Posts about google

Google’s manifest destiny

If I read this correctly, Google thinks it could capture 20 percent of the worldwide advertising market.

The Google URL

Just saw something surprising on a Pontiac commercial: They flash the Google home page and say, “Google ‘Pontiac’ and find out what’s new,” or something like that. It went by in a second but I was amazed. Note that they didn’t say, “Go to,” which tells me that they must believe that most people don’t put in addresses, they Google to get where they’re going. Once upon a time, sites tried to become keywords on AOL and then a few poor souls bought RealWords (that was what it was called, wasn’t it?). Those were closed taxonomies and their days are over. Google, of course, is open to influence. And so Pontiac is open to Google bombing. Imagine if Dell advertised to find its site via Google rather than an address. We could all link to this and it would be what’s new for Dell.

: UPDATE: Steve Baker says this is why he’s using Ask, instead.

Closed co-op?

Tell me if I’m wrong about Google Co-op — because it’s damned near impossible to tell what it is from their description — but it seems to be a closed system for enriching Google but not the internet. That is, it gets us to give Google meta data about sites that are supposed to improve their searches but, so far as I can tell, that data is not available to anyone else. Closed? Evil? You tell me.

Google’s syndication protocol

Maurice says that Google’s new syndication protocol, which I asked about yesterday, is an indication that Google is putting a gate in the wall around its garden to enable queries into its data. That would be good. But what it really should allow is not just queries into but scraping of its data for that data is our data that we put there in services like Google Base. Why do I care about this? So that new services can come along and aggregate distributed posts — classified ads, listings, reviews, whatever — wherever they are on the internet, in blogs, in other still-closed services, or in open blogs. Now that Google is trying to become a repository of our data, that should be open to the world to aggregate and analyze as Google aggregates others’ data. The Golden Rule of the Google Age should be: Scrape unto others as you would have them scrape unto you. I hope that’s what the new syndication protocol does but I’m still not sure.

Google officially enters the content business

The most significant news in Google’s launch of its finance service is that is licensing content from Reuters.

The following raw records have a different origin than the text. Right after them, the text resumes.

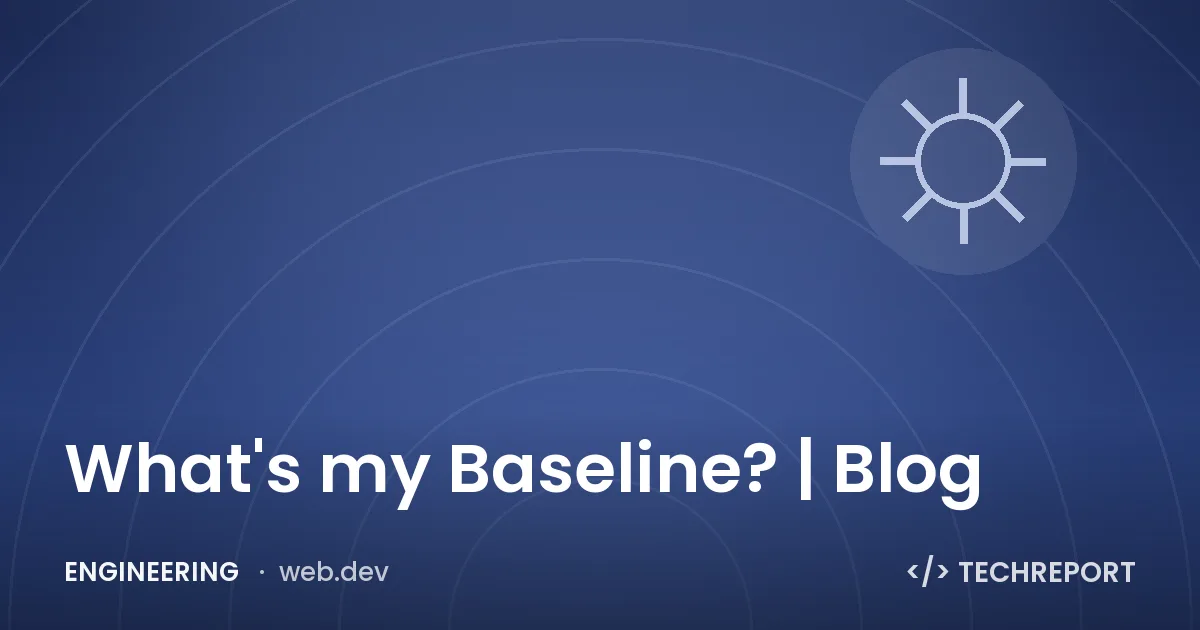 Engineering — What's my Baseline? | Blog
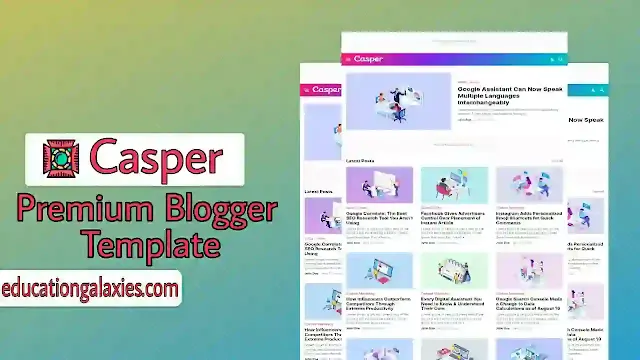 casper premium blogger template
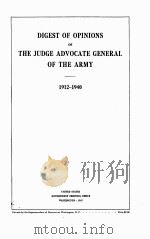 DIGEST OF OPINIONS OF THE JUDGE ADVOCATE GENERAL OF THE ARMY 1912-1940   1942  PDF电子版封面     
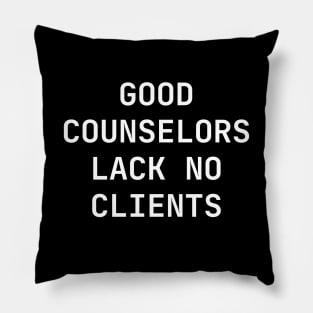 Good counselors lack no clients Pillow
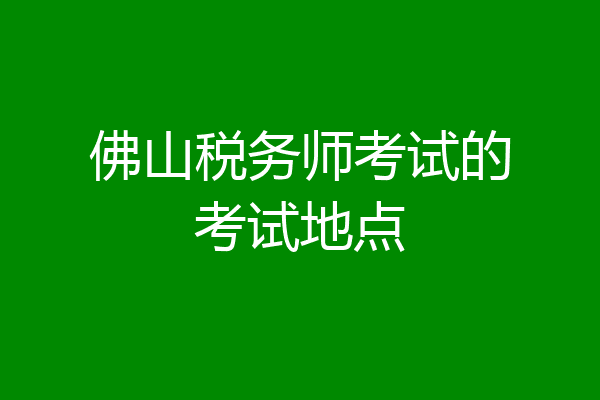 佛山税务师考试的考试地点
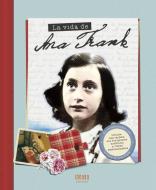La vida de Ana Frank di Kay Woodward edito da Editorial Luis Vives (Edelvives)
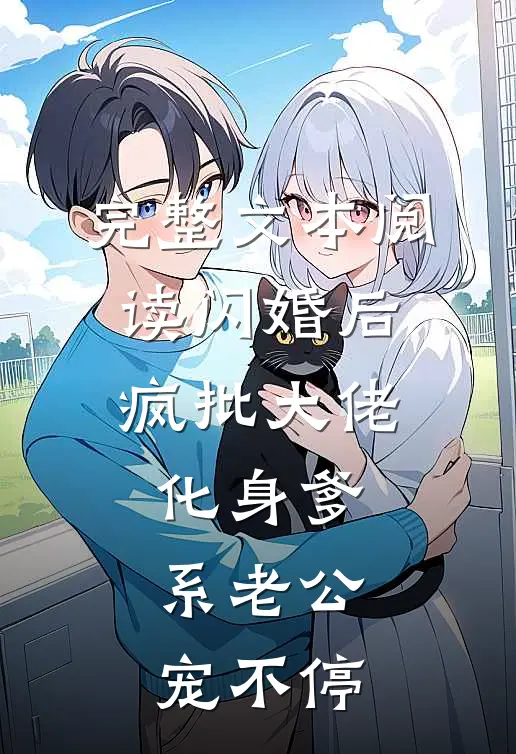 完整文本阅读闪婚后，疯批大佬化身爹系老公宠不停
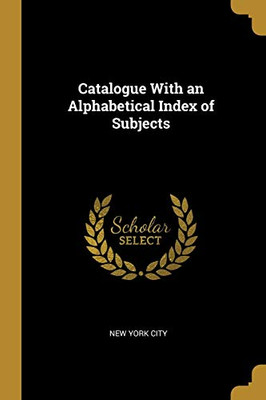 Catalogue With an Alphabetical Index of Subjects - Paperback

In each of its other endeavors — search, news, shopping, classifieds — Google has maintained an open, albeit uneven, playing field. That wouldn’t work in the case of finance because Google had to integrate data into its presentation and Reuters was wise and happy to sell it to them.

But what this means is that Google is no longer just an aggregator — which, I’ve argued, is a beneficial thing to be for content holders, because an aggregator makes links and links make traffic — but is now a destination that will hold users in and compete with other content.

Yahoo has been in this position for years, after it stopped being merely a directory and source of links (Jerry Yang once said at a meeting I attended that his job was to get people in and out of Yahoo as quickly as possible; that tune soon changed). Yahoo has licensed Associated Press wire content — over the objection of many of its members, for precisely this reason — and built a destination that tries to both keep people in and link out (see its new and rather uninspired local aggregator). The net result is that Yahoo is less effective at creating linked traffic than other portals.

Watch out as Google creeps, as Yahoo did, into the content business and competes with, instead of merely organizing, content. It’s a momentous move.